Minneapolis Eastern Trestle

• Structure ID: N/A.
• Location: River Mile 853.8.
• River Elevation: 750 Feet.
• Railroad: Minneapolis Eastern Railroad.
• Daily Traffic Count: 0 (Bridge Is Removed).
• Bridge Type: Iron Trestle.
• Length: ??? Feet.
• Width: 3 Tracks.
• Navigation Channel Width: Non-Navigable.
• Height Above Water: ??? Feet.
• Date Built: May 31, 1879.
The most concentrated group of mills in Minneapolis were along either side of present day West River Parkway in the area around Portland Avenue. The Minneapolis & Saint Louis Railway built a railroad track around the south side of the mills. That had the effect of blocking other railroads from gaining access, essentially giving the M&StL a monopoly. Some of the mill owners wanted to break this lock by bringing in other railroads.

The Minneapolis Eastern Railroad was incorporated on June 17, 1878 to put in a line between the mills and the Mississippi River. This was a joint venture between the Chicago, Milwaukee and St. Paul Railway and the Chicago, Saint Paul, Minneapolis, and Omaha Railway. The rail line connected near the present day Warehouse District and ran in a narrow band between the Minneapolis & Saint Louis and the Great Northern tracks coming off of the Stone Arch Bridge. From there, the tracks were on an elevated trestle that runs over top of the present day Mill Ruins Park. This bridge was the only way to get the rail cars to the mill, and it was an innovative solution. The result is that any railroad could service the mills by interchanging their rail cars onto either of the two controlling railroads.

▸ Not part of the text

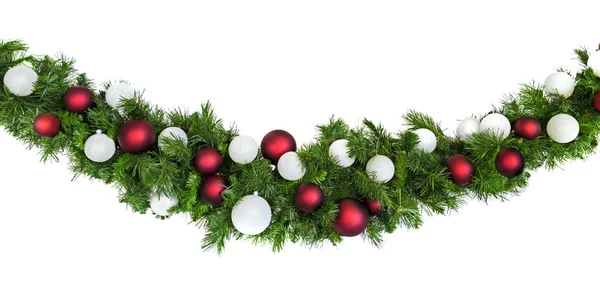 Grinalda de Natal com Baubles vermelhos e prateados isolados em branco — Fotografia de Stock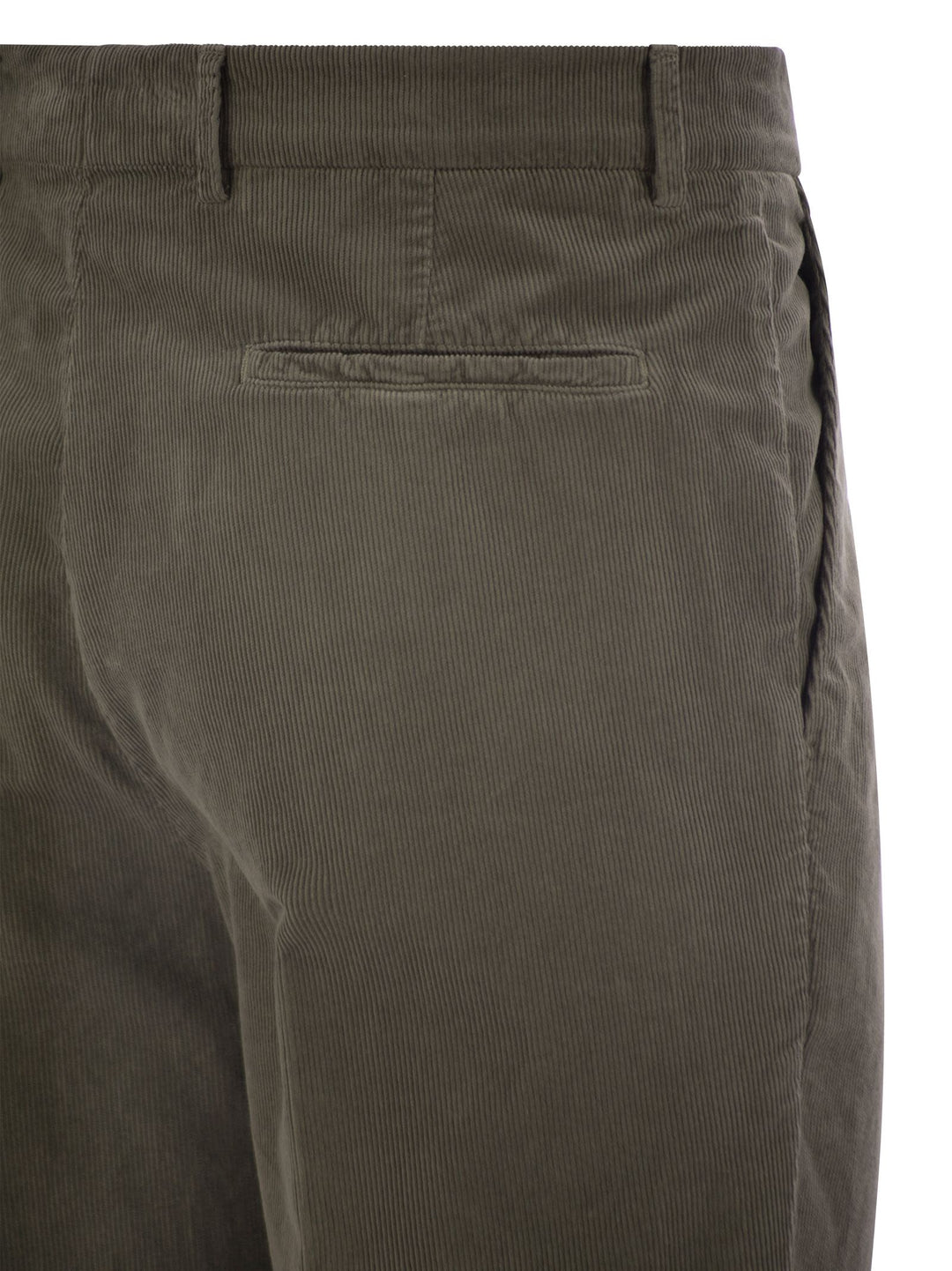 Brunello Cucinelli Men Leisure Fit Trousers In Garment Dyed Cotton Corduroy With Darts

The Minneapolis Eastern was not a very large railroad despite the critical role it played in the milling district. As of 1919, it had 1.399 miles of first main line, 0.215 miles of second main line, and 2.137 miles of yard track and sidings. It owned 2 steam switching locomotives. The trestle section in front of the mills was about 1,000 feet long. The trestle was rebuilt in 1890.

The milling industry went into decline in Minneapolis as water power become less critical. The water power system was converted to generate electricity. I haven't determined when the Minneapolis Eastern stopped operations, but I do know that the southern have of the trestle was torn down in 1941, and the northern half was removed in 1962 to make way for the lock and dam project. The area was backfilled to cover up the water power canal and mill tailraces. The trestle legs were simply cut off at ground level, where ever that happened to be after the backfill was hauled in. The ruins were rediscovered when Mill Ruins Park was developed.

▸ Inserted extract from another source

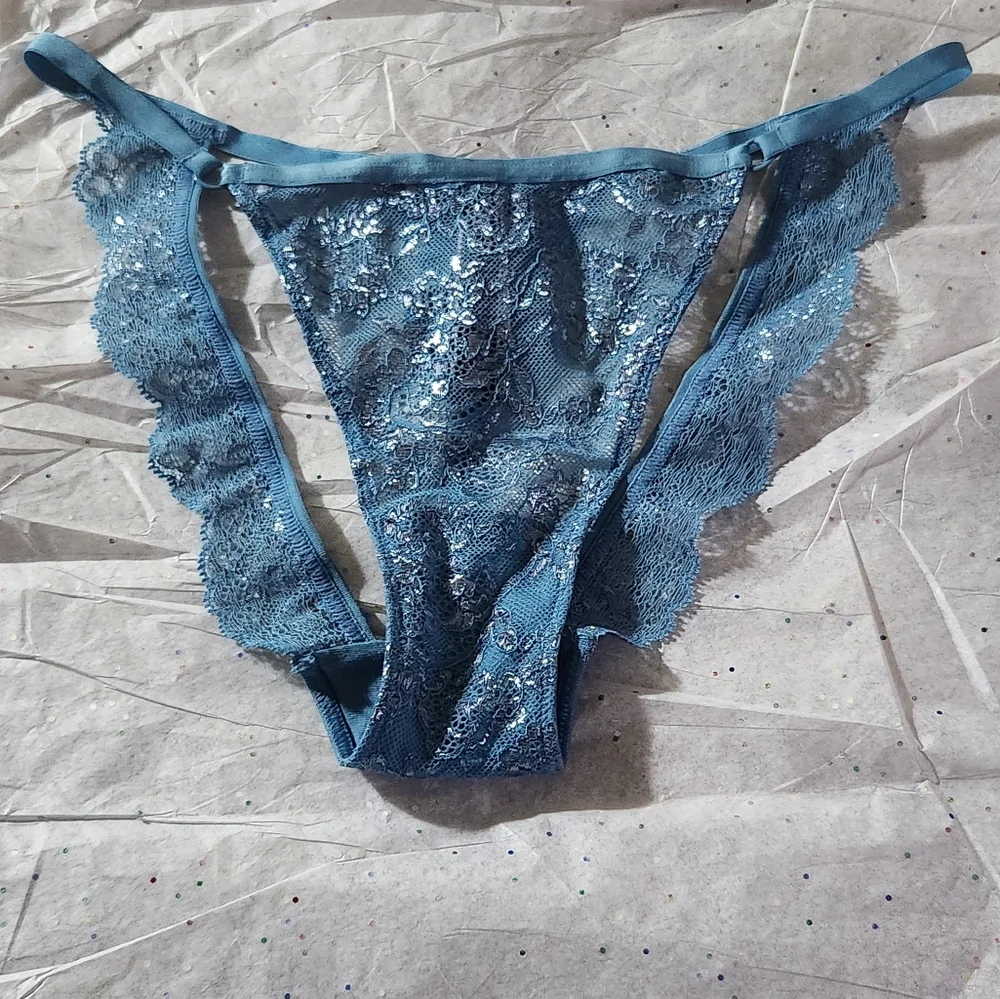Victoria's Secret Very Sexy Eyelash Lace String Bikini in Silky Blue - Picture 7 of 8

The photo above is an overview shot of Mill Ruins Park. The Minneapolis Eastern Trestle spanned this area lengthwise, with the eastern bridge abutment in the foreground and the western bridge abutment being on the stonework next to the Stone Arch Bridge.


Minneapolis Eastern Bridge
The Minneapolis Eastern Trestle was supported on a series of iron towers. The photo above is the remains of the second tower (counting from the west), while the photo below is the third tower. They were simply cut off at ground level when this area was filled in.

Minneapolis Eastern Trestle
Minneapolis Eastern Trestle
The photo above is another view of the second tower. The photo below is the third tower. These views are looking south through arches in the Stone Arch Bridge. The chute that is filled in with gravel is one of the water outlets from the various mills on the west side of the Mississippi River.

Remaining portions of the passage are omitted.